Goal of the exercise. Output the data below exactly, without images.

Data supplied.
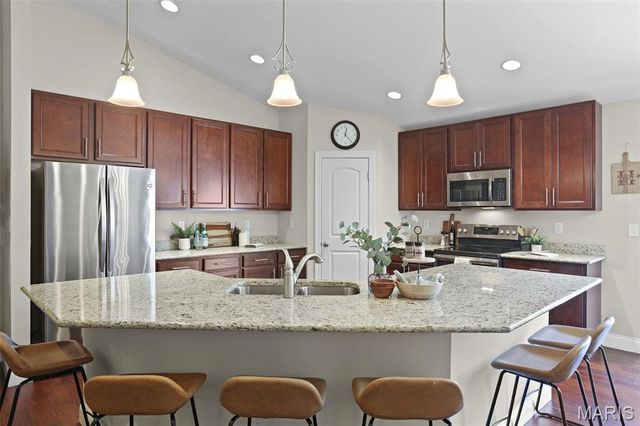 16139 Amber Vista Drive, Ellisville, MO 63021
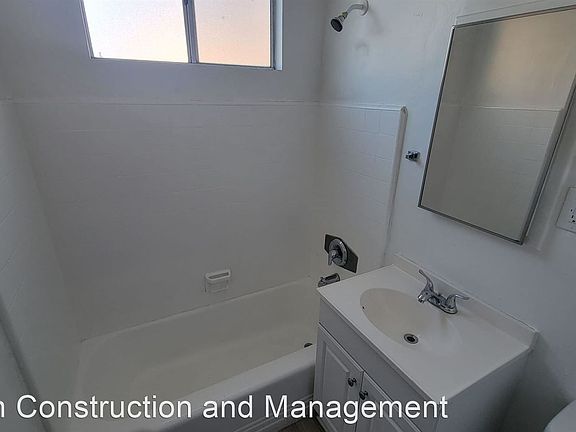 4th image of 15143 Erwin St APT 3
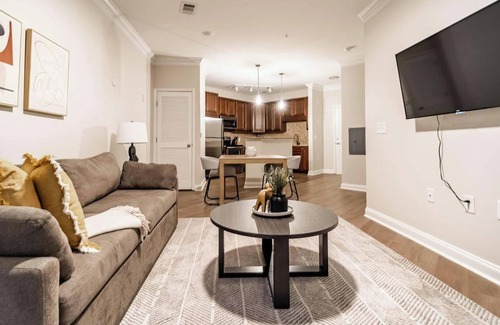 Cary Apartment | Landing | Stylish 1BD, Pool, Gym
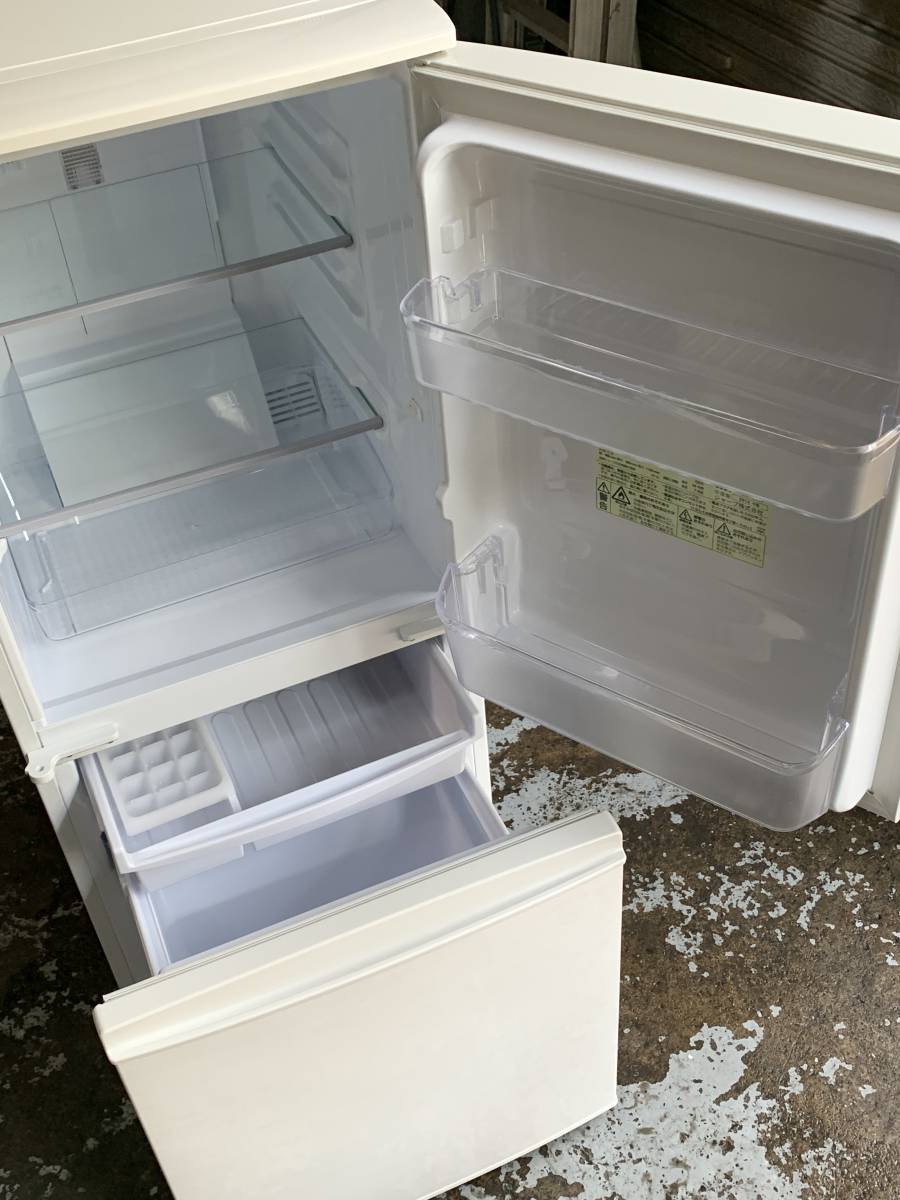 人気特価激安 シャープ冷蔵庫 【送料込み】発送は3/15〜3/17希望要相談 - 冷蔵庫 人気特価激安 シャープ冷蔵庫 【送料込み】発送は3/15〜3/17希望要相談 - 冷蔵庫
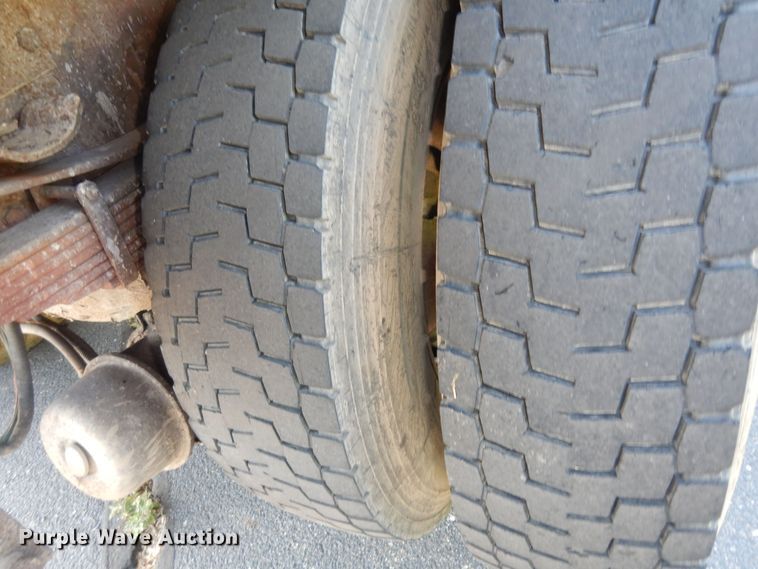 image for item DN1593 2002 Sterling LT9511  dump truck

Response area.
 16139 Amber Vista Drive, Ellisville, MO 63021
 4th image of 15143 Erwin St APT 3
 Cary Apartment | Landing | Stylish 1BD, Pool, Gym
 人気特価激安 シャープ冷蔵庫 【送料込み】発送は3/15〜3/17希望要相談 - 冷蔵庫 人気特価激安 シャープ冷蔵庫 【送料込み】発送は3/15〜3/17希望要相談 - 冷蔵庫
 image for item DN1593 2002 Sterling LT9511  dump truck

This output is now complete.